:: Extracted records ::
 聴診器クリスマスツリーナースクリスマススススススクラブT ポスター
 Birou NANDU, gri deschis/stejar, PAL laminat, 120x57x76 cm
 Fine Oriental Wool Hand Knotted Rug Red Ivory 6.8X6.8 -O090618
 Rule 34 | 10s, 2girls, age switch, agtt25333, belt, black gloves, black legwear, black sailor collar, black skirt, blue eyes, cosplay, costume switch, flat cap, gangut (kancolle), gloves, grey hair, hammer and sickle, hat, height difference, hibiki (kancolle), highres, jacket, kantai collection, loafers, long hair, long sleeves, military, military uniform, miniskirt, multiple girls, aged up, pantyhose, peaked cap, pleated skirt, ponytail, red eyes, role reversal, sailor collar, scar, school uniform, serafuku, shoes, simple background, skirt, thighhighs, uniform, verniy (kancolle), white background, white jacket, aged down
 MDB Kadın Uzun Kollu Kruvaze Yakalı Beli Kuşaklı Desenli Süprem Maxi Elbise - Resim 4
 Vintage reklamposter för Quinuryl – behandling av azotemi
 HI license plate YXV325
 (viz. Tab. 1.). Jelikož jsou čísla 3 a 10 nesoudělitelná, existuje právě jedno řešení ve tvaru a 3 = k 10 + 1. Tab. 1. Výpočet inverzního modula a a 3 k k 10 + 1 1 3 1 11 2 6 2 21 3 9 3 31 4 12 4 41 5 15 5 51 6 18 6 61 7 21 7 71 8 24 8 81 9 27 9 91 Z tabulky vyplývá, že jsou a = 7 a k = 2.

:: Work item ::
Repeat the records above exactly as they appear.

:: Result of this exercise ::
 聴診器クリスマスツリーナースクリスマススススススクラブT ポスター
 Birou NANDU, gri deschis/stejar, PAL laminat, 120x57x76 cm
 Fine Oriental Wool Hand Knotted Rug Red Ivory 6.8X6.8 -O090618
 Rule 34 | 10s, 2girls, age switch, agtt25333, belt, black gloves, black legwear, black sailor collar, black skirt, blue eyes, cosplay, costume switch, flat cap, gangut (kancolle), gloves, grey hair, hammer and sickle, hat, height difference, hibiki (kancolle), highres, jacket, kantai collection, loafers, long hair, long sleeves, military, military uniform, miniskirt, multiple girls, aged up, pantyhose, peaked cap, pleated skirt, ponytail, red eyes, role reversal, sailor collar, scar, school uniform, serafuku, shoes, simple background, skirt, thighhighs, uniform, verniy (kancolle), white background, white jacket, aged down
 MDB Kadın Uzun Kollu Kruvaze Yakalı Beli Kuşaklı Desenli Süprem Maxi Elbise - Resim 4
 Vintage reklamposter för Quinuryl – behandling av azotemi
 HI license plate YXV325
 (viz. Tab. 1.). Jelikož jsou čísla 3 a 10 nesoudělitelná, existuje právě jedno řešení ve tvaru a 3 = k 10 + 1. Tab. 1. Výpočet inverzního modula a a 3 k k 10 + 1 1 3 1 11 2 6 2 21 3 9 3 31 4 12 4 41 5 15 5 51 6 18 6 61 7 21 7 71 8 24 8 81 9 27 9 91 Z tabulky vyplývá, že jsou a = 7 a k = 2.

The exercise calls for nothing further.